Mama tugged Joy's hair, her soft laugh raining over her. “Good night, my dear Joy who lives so much of her life in denial.”

“Please, I'm not in denial.”

“He's a good man, Joy. In case you haven't noticed, good men are quite hard to find.”

“In case you haven't noticed,” Joy flipped the corner of the notebook with her thumb, “I'm busy keeping a show afloat and helping you raise your son's daughters.”
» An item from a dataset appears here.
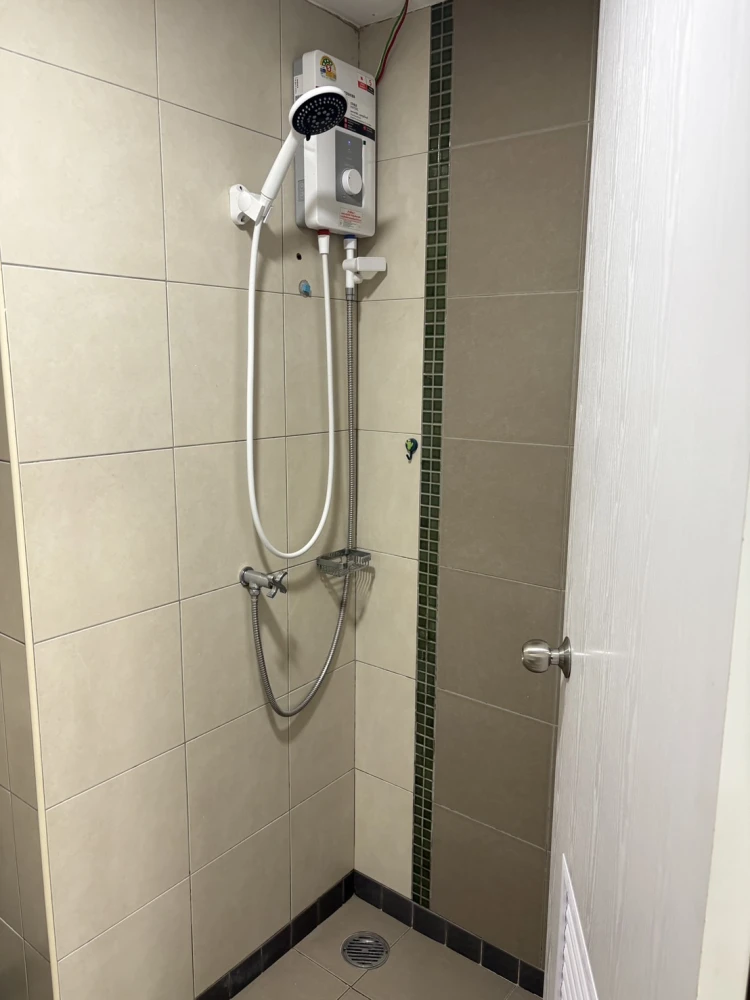For rent: Lumpini Condo Town Bang Khae, beautifully decorated, high quality materials, quiet atmosphere, move in now, don't hesitate.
“Oh, I noticed. But just don't keep too busy, hear me? And miss out on love.” For a moment Mama stood against the side of the house, breathing deeply. “You know, I'm looking forward to tasting Chick's banana bread again.”

The door closed softly.

Resting her head against the back of the rocker, Joy replayed Mama's words. Luke was a good man. And his kisses ignited a part of her heart she'd not put before a flame in a long time, not since Tim, but—

Joy lifted her head. A bump resounded from the other side of the porch. Around the side of the house. She listened, shivers running over her skin. There. Another thump. And a . . . giggle followed by a low hush. Then a muffled response.

Joy slid off the rocker and inched along the porch, her heart thumping as she walked into the billow of whispers. Reaching down, she nabbed one of her flip-flops. Properly thrown, it could inflict pain to the face. Sure. Why not.

“Hey, who's here? Anyone? Come out into the light.”

Joy lunged back as a thick frame scrambled from the porch floor and into the thin shadows. Parker Eaton? His unbuttoned shirt hung open and loose around his lean chest.

“Aunt Joy. What are you doing?” Lyric, breathless, sat up, twisting and tugging, gathering herself. “You were going to hit us with a flip-flop?”

“Get inside, Lyric.” Joy dropped her shoe to the porch and slipped it on. “Parker, get on home.”